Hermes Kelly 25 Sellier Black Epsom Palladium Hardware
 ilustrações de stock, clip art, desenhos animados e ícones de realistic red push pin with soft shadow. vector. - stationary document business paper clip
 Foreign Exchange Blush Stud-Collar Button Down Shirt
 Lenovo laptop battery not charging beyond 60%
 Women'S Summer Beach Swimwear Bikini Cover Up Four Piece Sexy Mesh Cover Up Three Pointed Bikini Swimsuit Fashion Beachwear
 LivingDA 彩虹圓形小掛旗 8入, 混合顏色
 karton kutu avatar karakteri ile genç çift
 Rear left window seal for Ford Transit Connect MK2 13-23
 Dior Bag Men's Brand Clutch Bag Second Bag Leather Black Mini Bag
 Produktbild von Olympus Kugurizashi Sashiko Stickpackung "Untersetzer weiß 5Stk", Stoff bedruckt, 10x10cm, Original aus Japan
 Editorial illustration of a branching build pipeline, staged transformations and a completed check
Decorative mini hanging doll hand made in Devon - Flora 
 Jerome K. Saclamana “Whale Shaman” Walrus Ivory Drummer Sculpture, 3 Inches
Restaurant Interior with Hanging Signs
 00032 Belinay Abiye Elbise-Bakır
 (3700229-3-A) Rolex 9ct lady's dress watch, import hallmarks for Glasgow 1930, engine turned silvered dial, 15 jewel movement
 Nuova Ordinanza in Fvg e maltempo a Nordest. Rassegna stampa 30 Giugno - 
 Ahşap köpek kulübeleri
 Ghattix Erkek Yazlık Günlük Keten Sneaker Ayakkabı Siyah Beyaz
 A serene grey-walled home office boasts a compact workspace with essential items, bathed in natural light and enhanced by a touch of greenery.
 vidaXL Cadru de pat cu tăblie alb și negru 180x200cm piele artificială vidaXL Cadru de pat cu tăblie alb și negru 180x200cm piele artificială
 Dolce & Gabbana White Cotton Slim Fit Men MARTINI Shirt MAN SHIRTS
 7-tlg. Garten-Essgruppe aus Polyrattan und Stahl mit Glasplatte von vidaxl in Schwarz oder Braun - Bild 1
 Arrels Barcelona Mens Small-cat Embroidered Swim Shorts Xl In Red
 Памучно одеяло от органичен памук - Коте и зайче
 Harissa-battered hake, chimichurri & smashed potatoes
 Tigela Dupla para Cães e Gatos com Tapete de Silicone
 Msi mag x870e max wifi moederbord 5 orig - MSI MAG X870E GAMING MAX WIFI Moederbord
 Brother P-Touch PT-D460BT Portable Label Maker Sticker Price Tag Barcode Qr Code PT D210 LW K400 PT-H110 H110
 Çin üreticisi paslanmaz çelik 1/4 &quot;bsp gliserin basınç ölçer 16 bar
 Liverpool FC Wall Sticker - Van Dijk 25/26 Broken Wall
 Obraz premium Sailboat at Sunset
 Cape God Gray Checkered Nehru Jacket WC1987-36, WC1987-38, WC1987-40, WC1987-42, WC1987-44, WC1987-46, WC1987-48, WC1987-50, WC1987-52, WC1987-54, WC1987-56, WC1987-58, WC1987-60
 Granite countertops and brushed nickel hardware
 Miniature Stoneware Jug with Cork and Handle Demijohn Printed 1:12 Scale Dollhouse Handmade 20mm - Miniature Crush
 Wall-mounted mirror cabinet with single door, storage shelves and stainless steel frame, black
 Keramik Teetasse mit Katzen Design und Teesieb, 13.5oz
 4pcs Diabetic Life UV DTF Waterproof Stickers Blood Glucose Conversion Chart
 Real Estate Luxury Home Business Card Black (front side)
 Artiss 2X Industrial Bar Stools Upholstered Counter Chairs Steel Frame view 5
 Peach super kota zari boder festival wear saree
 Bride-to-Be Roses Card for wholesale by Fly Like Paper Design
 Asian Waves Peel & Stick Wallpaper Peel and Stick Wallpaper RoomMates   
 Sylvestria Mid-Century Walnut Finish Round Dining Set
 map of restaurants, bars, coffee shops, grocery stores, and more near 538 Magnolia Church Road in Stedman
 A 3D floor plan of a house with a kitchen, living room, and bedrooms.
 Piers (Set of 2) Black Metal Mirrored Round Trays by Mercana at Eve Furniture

....................

Find out how many lines in the data above hold the word "Card". Write only the number.

Written reply:
2